Well, panic was setting in I can tell you, rain was starting to fall and tears were threatening to make an appearance!

Then the cavalry unexpectedly  arrived  when the couple that had been behind me in the shopping queue, upon seeing my desperation and aimless, panicky meanderings, stopped their car offering to drive up and down all the lanes in order to aid me in my search. And when that proved fruitless they beckoned the security man for me who was approaching in his van. Such lovely people I met that morning. In the rain. In  my panic.
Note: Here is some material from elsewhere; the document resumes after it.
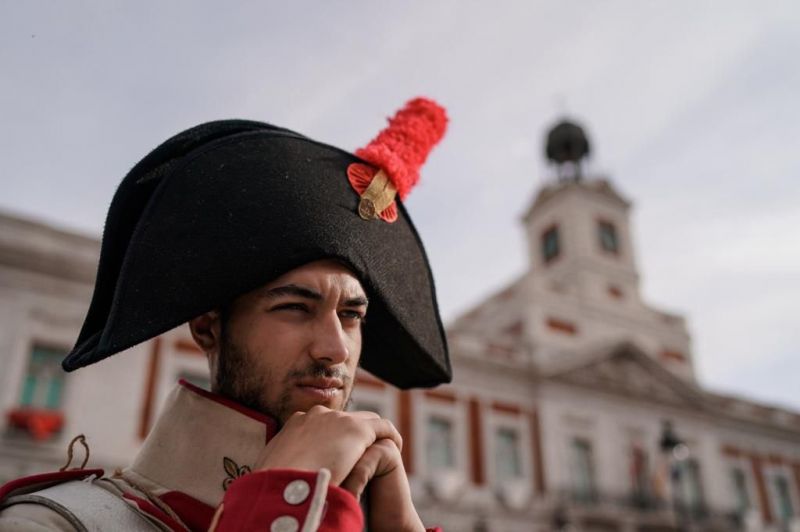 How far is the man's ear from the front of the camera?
5.47 feet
Then the lovely and very patient security man drove me up and down the many lanes and had 'the man' back in the control centre check the cameras in nearby car parks for my car.

It wasn't long before it was found.

In a completely different car park, and in a completely different lane!

Oh the embarrassment...... and the absolute relief to find that my car had not been permanently 'lost'.

 I tell you, lack of sleep and 'dream jobs' really have an awful lot to answer for!

However, all's well that ends well, especially when it does so with a lovely catch up  and a very large mug of tea. And cake. naturally.... I was in 'shock' don't you know and in much need of such sweetness!

As you can see I did a bit of word play in this blog post title and as a result the following song appears to have become my ear worm for the week... so I thought I might make it yours too?!  I must admit though, it might have been more of a dream and less of a nightmare had I been 'kissing Valentino' in my sleepy-wakeful slumber!

Hope that wherever you are that you are having a good and very un-panicky week!

Sunday, September 13, 2015

The Good News Week and Other Thoughts......

Sitting here in the pouring Sunday rain I cannot help but contemplate the 'good news' week gone by and be still embraced by all it's positivity.

There were lots of little things like good weather, some ideas and projects coming to fruition, a book launch attendance  and of course there was the Junior Certificate results last Wednesday; pre-empted as they were by some mama-nerves!

I needn't have worried though, my boy put in the work and was as happy as we were proud of his achievements. I didn't share his actual very good results as I am uncomfortable about doing so.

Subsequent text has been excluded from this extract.